(WHTM) — Many of us have limited time outdoors in the winter, which means that many of us aren’t getting enough vitamin D. How can that impact our health?
“Vitamin D is really essential, especially when we’re talking about bone density. It works really well with calcium. A lot of times what happens is, if we’re not getting enough calcium in our diets, the body actually will decrease the calcium stores. So vitamin D kind of helps maintain those calcium stores to keep our bones nice and strong. A lot of research actually does support that vitamin D helps with overall mood,” stated registered dietitian Beth Czerwony of the Cleveland Clinic.
Czerwony explained that many people who have a vitamin D deficiency can find out with simple blood tests.
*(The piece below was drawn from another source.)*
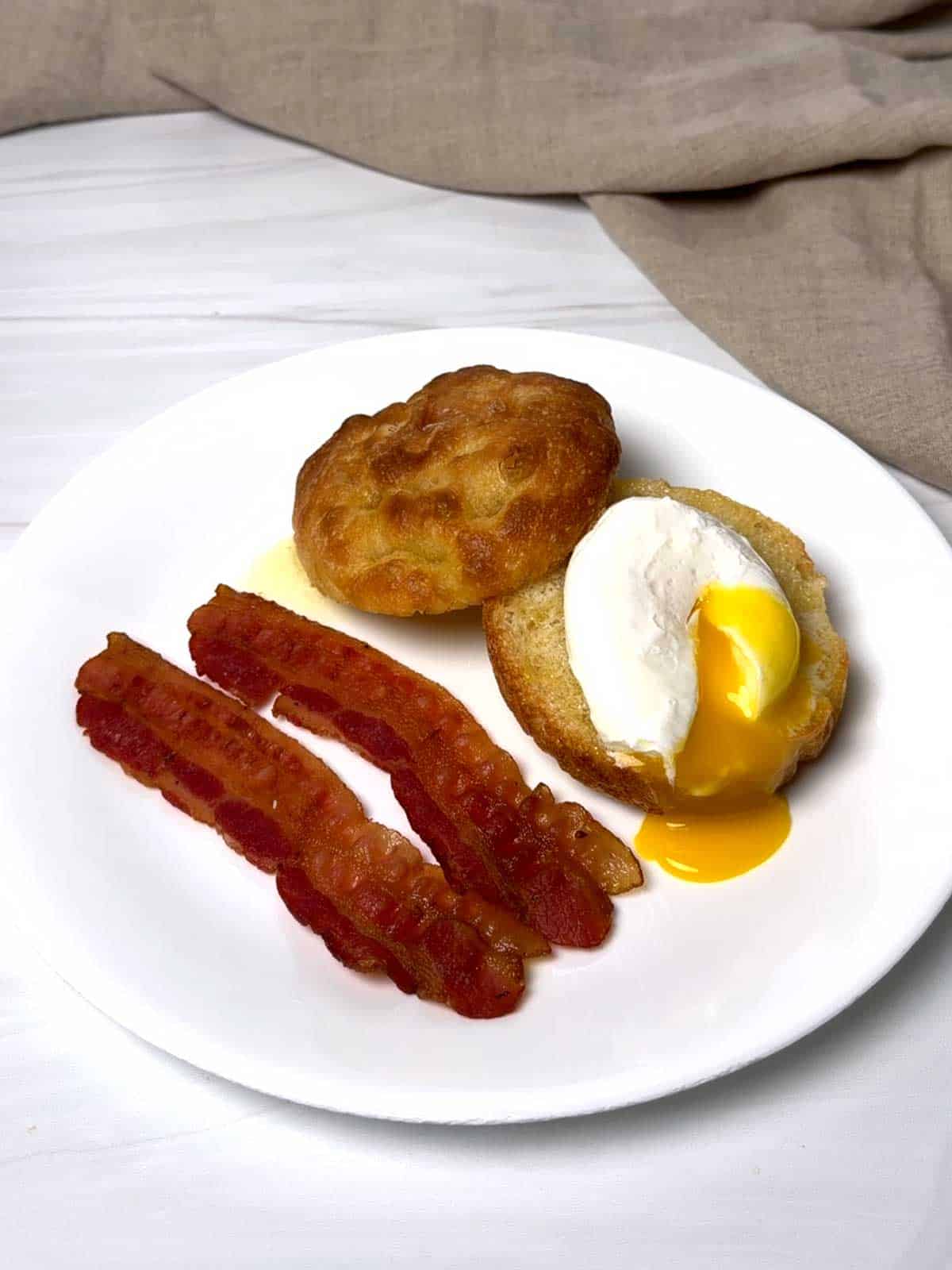 Poached egg on buttered focaccia bun.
However, some warning signs can include fatigue, bone pain, muscle weakness, and mood changes.
Simple food changes like fatty fish, salmon, tuna, mackerel, and sardines are all good food options to help with vitamin D. deficiency. Mushrooms, egg yolks, and milk are also fortified with vitamin D.
Czerwony also encourages people to talk with their doctor to see if a vitamin D supplement is necessary. If it is, the time of day that you take it can make a difference.
“I always recommend eating it with your heaviest meal because it is a fat-soluble vitamin. It’ll actually increase your absorption better with some sort of fat, and so typically people take it in the morning because it’s kind of – we usually end up taking our vitamins in the morning. But a lot of times, our breakfasts aren’t very heavy – they’re pretty light. So I always recommend doing it at your evening meal if that’s your biggest meal, and you’ll actually end up seeing the numbers increase a little bit faster,” said Czerwony.
Your doctor may want to check your vitamin D levels regularly if you have certain risk factors for a deficiency.